Nadia squeals with joy when I tell her about Maryam’s pregnancy. “This is such good news! If I have girl, for honor I vill give her your sister’s name. Please tell her
spaseeba
from me. Tell her very much thank you. I owe her
everything
.”
She says this because Maryam—who had never met Nadia but who’d heard from me stories such as how her husband broke her arm by pushing her down the steps of their trailer home—helped her get away by giving her some money and also asking a friend if Nadia could live with her in San Francisco until she can live independently.
“Maryam will be so honored if you name the baby for her,” I say. “But really, you saved yourself, Nadia Joon. You made a good decision when you were offered the chance to leave. You were very brave.”
We talk for a bit longer, and then she has to hang up because a friend is picking her up to help with some errands.
The last hour before Ike gets off work feels like forever, but at long last, I hear the sound of a vehicle pulling into the driveway. I switch off the television and jump up from the couch. I fluff my hair and smooth my skirt before rushing to open the door. I throw it open, a huge smile on my face.
“Hello!” I say. “I’ve missed you so much!”
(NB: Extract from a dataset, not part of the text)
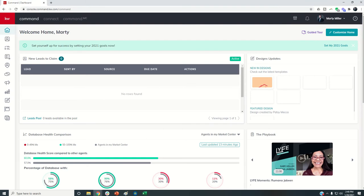Good afternoon, Keller Williams, and welcome back to the KW Command 66-Day Challenge Pro Coach Mini Series. Today is Day 6.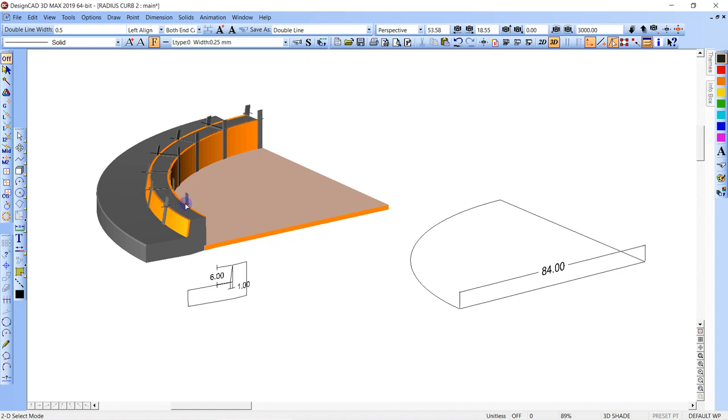Alright, if you've ever tried to create a sloped radius curb and didn't know how, found it difficult, did a lot of trial and error, or maybe you just gave up, this video might help you in the future.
Only then do I realize it’s not Ike standing behind the big bouquet of flowers. It’s—oh, my God—it’s
Haroun
, my obsessive-compulsive almost-fiancé. Someone I was days away from being engaged to. Someone I hoped never to have to see again.
What on earth is he—
oh, my God
—doing here?
“Haroun! What are you . . . Oh, my, hi! I can’t believe it’s you! I can’t believe you’re here!” I keep my smile pasted on my face, but inside, I’m panicking. He’s a part of my past I’m longing to leave behind.
“Hello, Tami.” He beams at me. “You’re looking especially lovely today.”
“Thank you.” My heart pounds.
Shut the door, shut the door
, but of course I can’t do that.
“May I come in?”
“Of course. Please!” I unlock the security door and push it open for him.
“These are for you.” He steps inside, into the foyer, and hands me the beautiful bouquet. I can’t help but admire how smartly he’s dressed, in a dark gray suit, white dress shirt, and a deep purple tie. “Your sister and brother-in-law aren’t home?”
“No,” I say. “They’re at work.”
This is when I should invite him to sit down and offer him tea, but I can’t bring myself to do it. In fact, I leave the front door open in hopes that he’ll be heading back out very, very soon.
“Today, of all days?” He gives me an odd look. “I would think they’d want to spend this last day with you.”
Oh, right. He thinks I’m flying back to Iran tomorrow. After my brother-in-law broke the news that I’d chosen Masoud over him, he later called him—this was just days ago, although it feels like forever!—and asked if Haroun would still marry me. Unsurprisingly, his answer was no—which meant, to all of us at the time, that I’d be leaving for Iran when my tourist visa expired. I don’t know how to tell him all that’s happened. It won’t be as enjoyable as it was telling Rose or Nadia; that much is certain. In fact, I’d prefer not to tell him at all, and I really don’t think I should have to—I didn’t summon him, after all, but rather he came uninvited, which is very odd for him and which he really shouldn’t have done. But from his kindness so far, I suspect he wants me to know there are no hard feelings in spite of how things ended for us, and for this I’ll be very glad.